The Scripps Institution of Oceanography in San Diego published swell models showing 20-foot surf at Point Conception and at several points off the Southern California Coast throughout the day, and 9- to 12-foot swells in Ventura and Santa Barbara. The National Weather Service expected the storm to last until Friday evening. Its forecast called for an 80 percent chance of precipitation Friday morning in Santa Barbara, which should taper off during the day.

Although a strong current in the Devereux point break at Coal Oil Point made paddling difficult, a handful of surfers patrolled the waters yesterday.

“It was fun. It was pretty choppy, but pretty big,” said junior geography major Jared Kearns. “It was overhead. The current’s pretty strong; you get caught inside a bunch.”

The bigger waves are a contrast to the usual pattern in Santa Barbara, which typically receives smaller surf from its geographical position behind the Channel Islands.

Most waves are formed by wind, far off the coast. “When you have a storm, any disturbances on the surface of the ocean are going to extract energy from the wind and cause the waves to grow,” said mechanical and environmental engineering Professor Stephen McLean, who works in the Ocean Engineering Lab.

Once waves are formed by a storm, they propagate and move off in all directions. The waves with the greatest energy move in the direction the wind was blowing. As the waves near the shore, the bottom starts to shorten and slow them down, forcing more energy into a smaller wave. The energy, McLean said, increases the height of the waves.

In the summer, most of the swells come from the south and Antarctica. “In our summertime, it’s not unusual for big storms around Antarctica to kick up some large swell,” McLean said.

Most of this swell never makes it to the Santa Barbara Coast because the Channel Islands lie directly between the source of the waves and the coast.

Winter waves, which come from the Gulf of Alaska, are not as blocked by the islands, but are small, nonetheless, because the waves are refracted off the islands. Each direction change decreases their energy.

The storms that passed through Santa Barbara this week drove up swells from the southeast, making the waves unpredictable and turning the ocean into a froth. For better surfing conditions in Santa Barbara, a northern winter storm would need to extend far to the south, like the El Ni-o storms that raised heavy surf in 1998.

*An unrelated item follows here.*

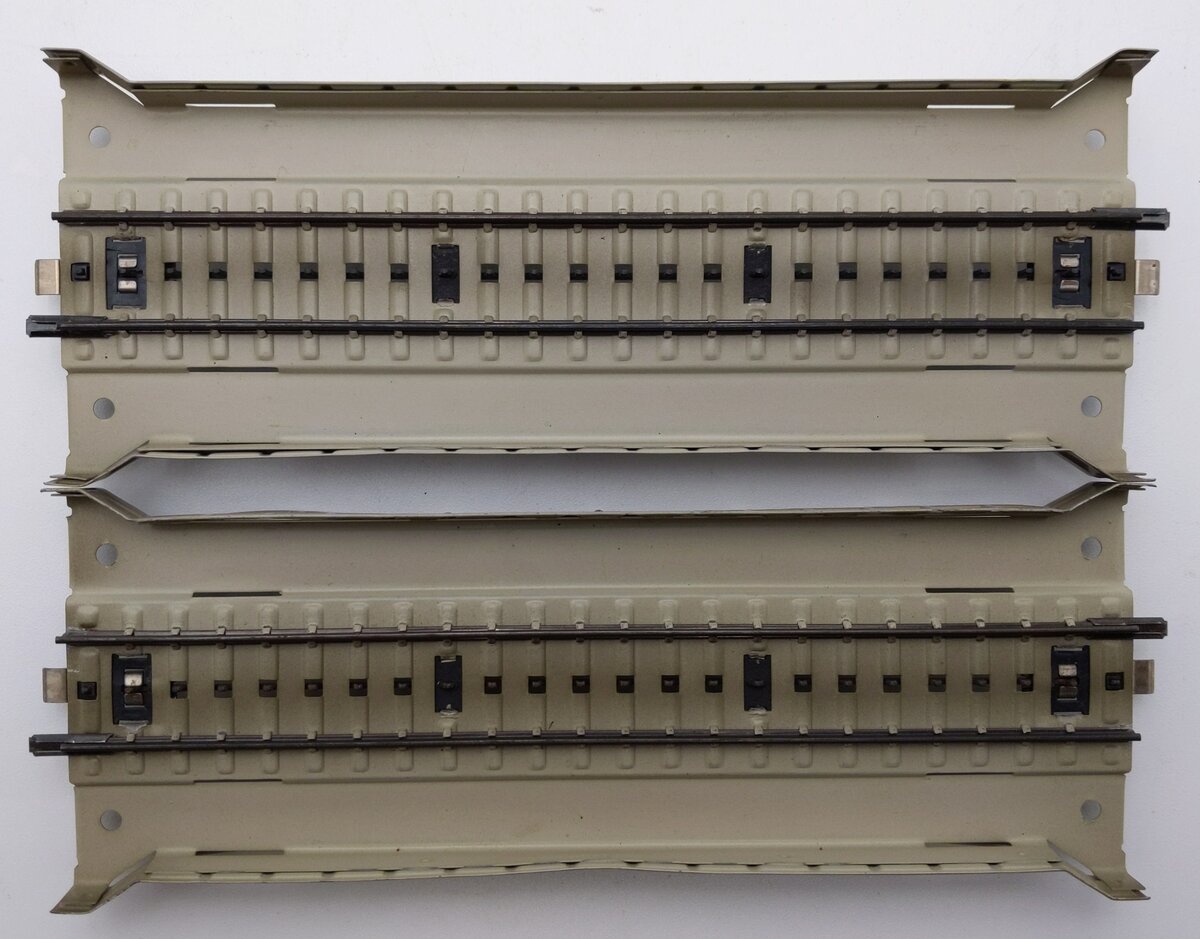Marklin 7168 HO Scale Metal Straight Approach Sections (2) VG/Box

“When we had El Ni-o, the storm was pushed far further south. The result was we got a lot more weather, a lot more wave action,” said mechanical engineering graduate student Tim Maddux, who frequently surfs at Rincon Point near Carpinteria. At the height of El Ni-o in January of 1998, Rincon received unprecedented 20-foot waves. “The downside is you get all the wind and rain and runoff associated with that. It’s kind of a double bind.”

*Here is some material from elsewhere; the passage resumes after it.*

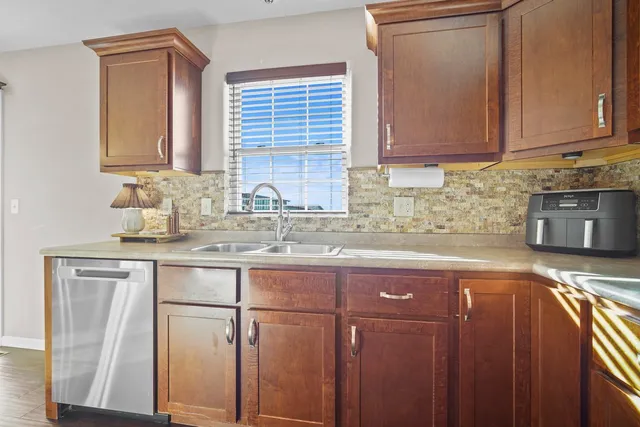 $320,000 | 2311 Wirsing Way, Bloomington, IL 61704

Maddux cautioned against the dangers of storm surfing, including the currents that trapped two UCSB students earlier in the week near Campus Point. A strong current at Coal Oil Point and the Devereux surf break rapidly pushes surfers down the beach toward Campus Point.

“People need to be careful. When it gets big at Devereux, you just get washed down to I.V.,” Maddux said. “What you need to do is not only know how to get into the water, but where you need to make an exit.”